Archive for Thursday, September 24, 1992


September 24, 1992


Halloween will have an interesting twist for Kansas history buffs this year.

On Oct. 31 129 years, 3 months and 10 days after William Clarke Quantrill's infamous raid on Lawrence some of his bones and a clump of his hair are to be taken from the Kansas State Historical Society in Topeka to the Confederate Veterans' Cemetery in Higginsville, Mo., for reburial.

The ceremony is scheduled for 1 p.m. in Higginsville, which is on Interstate 70 east of Kansas City.

On Aug. 21, 1863, Quantrill hit Lawrence with his band of guerrilla fighters, killing 150 local men as well as looting and burning the city before high-tailing it back to Missouri.

Less than two years later, on June 6, 1865, the Confederate guerrilla chief died of gunshot wounds at Louisville, Ky.

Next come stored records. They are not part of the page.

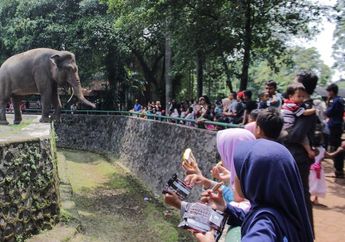 Berapa Harga Tiket Kebun Binatang Ragunan Tahun 2022?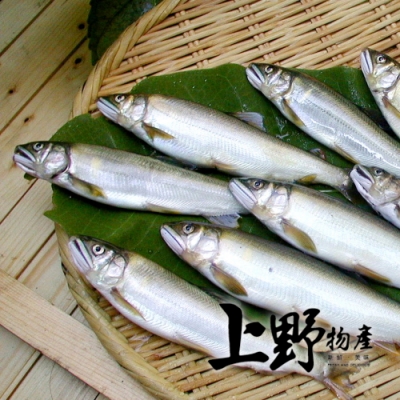 【上野物產】宜蘭精選黃金公香魚 x20隻(100g土10%/隻)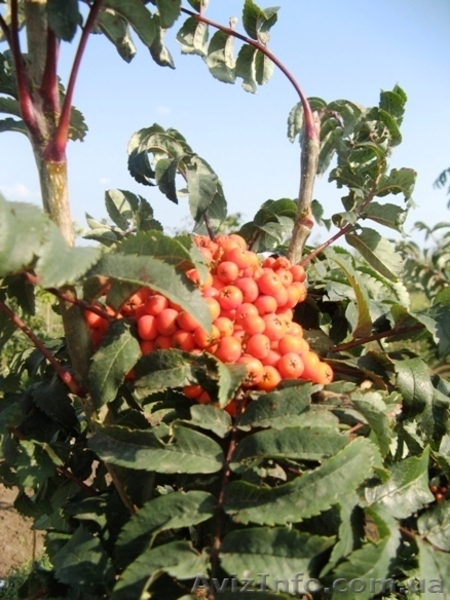 Рябина обыкновенная, армянская, Тюрингская (дуболистная), фастигиата,  - <ro>Изображение</ro><ru>Изображение</ru> #5, <ru>Объявление</ru> #457068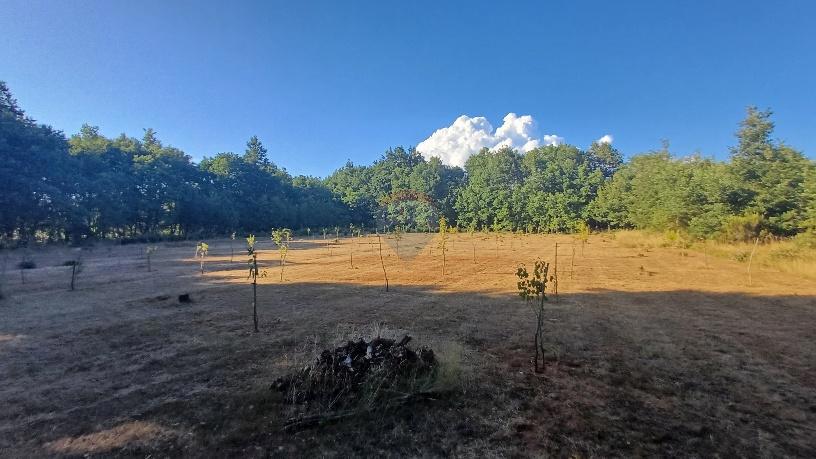 Terreno non edificabile Krnica, Marčana, 37.601m2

He was 27 years old.

Initially, his body was buried there, but historical accounts report that on Dec. 7, 1887, a man named William W. Scott, a boyhood friend and would-be Quantrill biographer, went with Quantrill's mother to dig up his remains.

MRS. QUANTRILL apparently planned to rebury them in the family cemetery plot in Canal Dover, Ohio, not far from Louisville, but Scott had other ideas.

Randy Phies, public archaeologist at the Kansas State Historical Society, said this week that no more than 10 days later, Scott wrote to F.G. Adams, the first secretary of the historical society, offering Quantrill's bones for sale.

In May 1888, Phies said, Scott came to either Lawrence or Topeka and talked to Adams about the bones, giving him two tibiae, which are the larger lower-leg bones, the shin bones.

In the jargon of museum collections, Phies explained, the tibiae were a "teaser" meant to entice Adams to buy the rest of the bones. Apparently, Scott would have sold Quantrill's skull for as little as $25.

Either no money was available to make the purchase, or Adams chose not to buy, because Scott returned home without making the sale.

In the meantime, though, Phies said, Mrs. Quantrill may have buried at least some of her son's bones in the family plot as she intended. No one knows.

WHEN SCOTT died in 1902, Phies said, the historical society negotiated with his widow for her husband's Quantrill manuscripts, and "she tossed in the arm bones" two from Quantrill's right arm and one from his left.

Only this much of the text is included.